Dubai: GCC’s banking sector has witnessed a flurry of mergers since 2017 and the sector is expected to see a few more large scale mergers as the economic growth and credit demand are slowing in the region according to banking sector analysts.
“Consolidation is being driven by a combination of lower oil prices, which have slowed economic growth, and stiff competition as numerous banks serve small populations. We believe the trend will be beneficial for the sector, boosting profitability through operational synergies and giving the banks greater pricing power,” said Ashraf Madani, a senior analyst at Moody’s.
The presence of unusually high number of banks and pressures on profitability have triggered the need for consolidation.
“For banking industry, M&A is a cost effective way to restructure the banking system by eliminating institutions that are perceived as inefficient and without adequate liquidity and strong asset bases, thus creating larger entities that are financially more robust and efficient, as they benefit from more economies of scale,” said M.R. Raghu, Director of Research at Markaz.
According Moody’s merger activity over the last 18-24 months involve both national level mergers and cross border mergers. National Bank of Abu Dhabi and First Gulf Bank merged in 2017 to create the UAE’s largest bank and was renamed First Abu Dhabi Bank.
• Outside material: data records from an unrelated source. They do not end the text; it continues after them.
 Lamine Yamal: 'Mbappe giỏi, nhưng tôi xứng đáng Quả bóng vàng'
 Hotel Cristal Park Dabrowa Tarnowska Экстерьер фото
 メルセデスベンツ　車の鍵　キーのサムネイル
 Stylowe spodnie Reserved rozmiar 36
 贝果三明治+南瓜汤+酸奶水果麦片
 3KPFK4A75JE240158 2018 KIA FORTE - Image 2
Another potential merger in the UAE, involving Abu Dhabi Commercial Bank, Union National Bank and Al Hilal Bank’s in the pipeline. There is further activity in Qatar, Oman and Saudi Arabia but none has been finalised. A cross-border deal between Kuwaiti and Bahraini lenders Kuwait Finance House and Ahli United Bank are also in discussion.
In the past two decades, there have been very few mergers among local banks in the GCC. Majority of the M&A activity in the sector were in the form of cross border acquisitions to widen the geographic presence. Two of the biggest banking mergers took place in the UAE, nearly a decade apart from each other. Formation of Emirates NBD and First Abu Dhabi Bank were significant deals for the UAE, where on both occasions, the biggest bank in the country was formed.
Analysts say the environment for consolidation is stronger now than a decade ago. The fall in oil prices may be a significant trigger as more than 80 per cent of the Gulf’s top 50 banks by assets are part owned by arms of GCC states. Government of Saudi Arabia owns 20.3 per cent stake in Saudi Arabia’s largest bank National Commercial Bank) while its Public Investment Fund holds a 44.3 per cent stake. Qatar Investment Authority holds 50 per cent shares of Qatar’s largest bank Qatar National Bank. UAE’s largest bank First Abu Dhabi Bank 33.5 per cent is owned by the Abu Dhabi Investment Council.
“Becoming a bigger bank strengthens ties to the government through business flow. In addition, it increases their resilience to credit or liquidity risk. However, there are instances where larger banks are mandated to acquire smaller banks with poor asset quality due to common government ownership,” said Raghu.
In terms of composition of banking systems while UAE, Oman and Bahrain are deemed overbanked, Saudi Arabia has relatively few domestic banking institutions which points to a less likelihood of M&A activity in the country.
“GCC banking sectors are overbanked. Too many banks often serve small populations in the region. Many banking systems in the GCC are also dominated by a few large banks with a large number of smaller banks competing for the rest of the market,” said Nitish Bhojnagarwala, senior credit officer, Moody’s.